__What is expected__
Transcribe only the lines of the listing below from the one holding "Una tècnica del" through the one holding "Внедорожник / Кроссовер", inclusive, without any change.

__Source data__
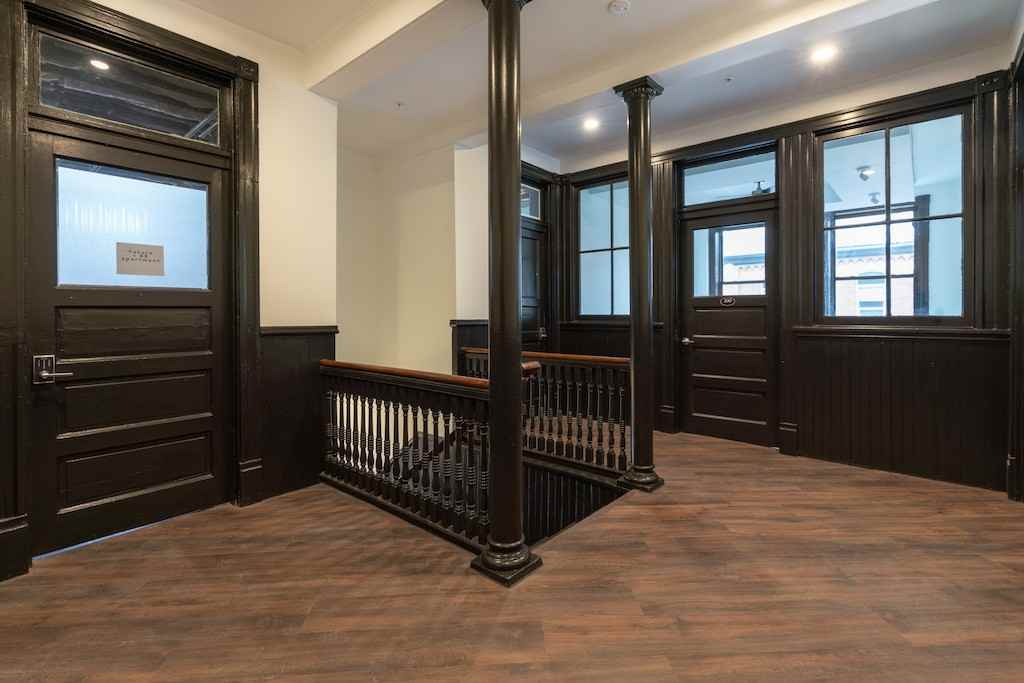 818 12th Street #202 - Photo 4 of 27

---

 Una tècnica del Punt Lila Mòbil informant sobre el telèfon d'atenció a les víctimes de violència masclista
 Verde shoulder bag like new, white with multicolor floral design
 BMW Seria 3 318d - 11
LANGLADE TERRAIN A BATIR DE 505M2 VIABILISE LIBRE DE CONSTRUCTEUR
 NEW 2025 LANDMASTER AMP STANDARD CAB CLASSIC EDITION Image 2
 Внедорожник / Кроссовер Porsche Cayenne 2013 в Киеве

__Solved exercise__
 Una tècnica del Punt Lila Mòbil informant sobre el telèfon d'atenció a les víctimes de violència masclista
 Verde shoulder bag like new, white with multicolor floral design
 BMW Seria 3 318d - 11
LANGLADE TERRAIN A BATIR DE 505M2 VIABILISE LIBRE DE CONSTRUCTEUR
 NEW 2025 LANDMASTER AMP STANDARD CAB CLASSIC EDITION Image 2
 Внедорожник / Кроссовер Porsche Cayenne 2013 в Киеве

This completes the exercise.